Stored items
/---
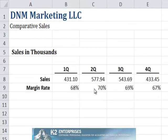Suppose your data set resembles that currently shown on the screen. Because the data you wish to chart — sales and margin rate — are of different magnitudes, the chart would be most effective if you created it using two vertical axes.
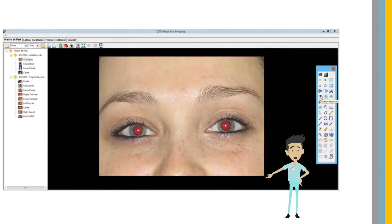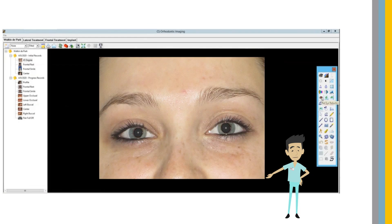The red eye removal tool has been updated. Now, pressing the red eye button automatically finds the patient's eyes and removes red eye.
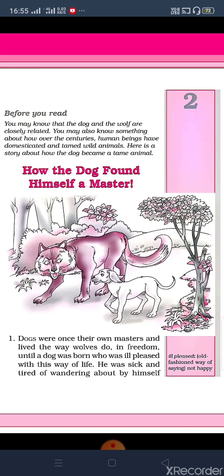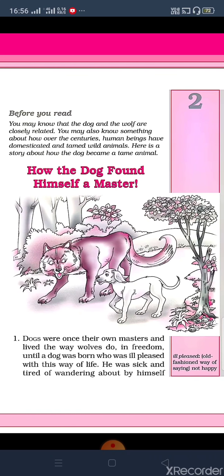Have you ever thought about it? Have you tried to think about why a dog is a domestic animal? Do you know why a wolf, tiger, or bear is not? Now, before I explain this story, I will explain this title.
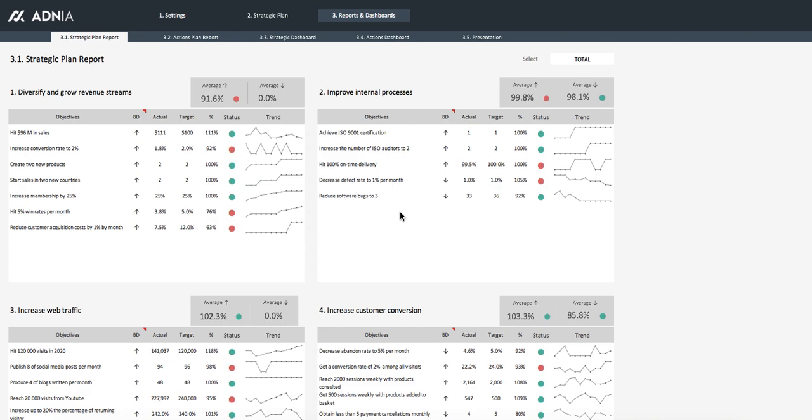To solve these problems, we have created the strategic plan template. It's easy to use, well designed, and this template will help you in your business.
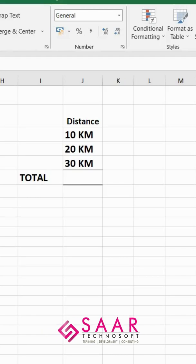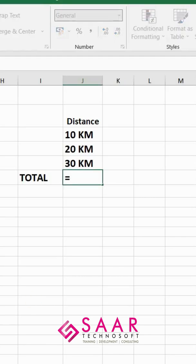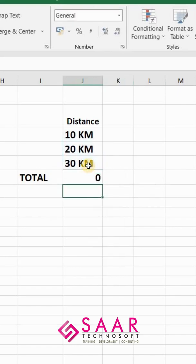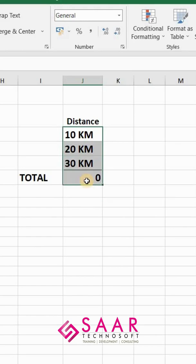Finding the sum of values with unit values or text: suppose you have to find the sum of distance. We are using the SUM function with a range — but we got 0. How can we rectify it?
\---
■ ASSIGNMENT ■
The lines wanted run from the one with "The red eye removal" through the final line of the data; repeat them word for word and skip every picture.

■ ANSWER BOX ■
The red eye removal tool has been updated. Now, pressing the red eye button automatically finds the patient's eyes and removes red eye.
Have you ever thought about it? Have you tried to think about why a dog is a domestic animal? Do you know why a wolf, tiger, or bear is not? Now, before I explain this story, I will explain this title.
To solve these problems, we have created the strategic plan template. It's easy to use, well designed, and this template will help you in your business.
Finding the sum of values with unit values or text: suppose you have to find the sum of distance. We are using the SUM function with a range — but we got 0. How can we rectify it?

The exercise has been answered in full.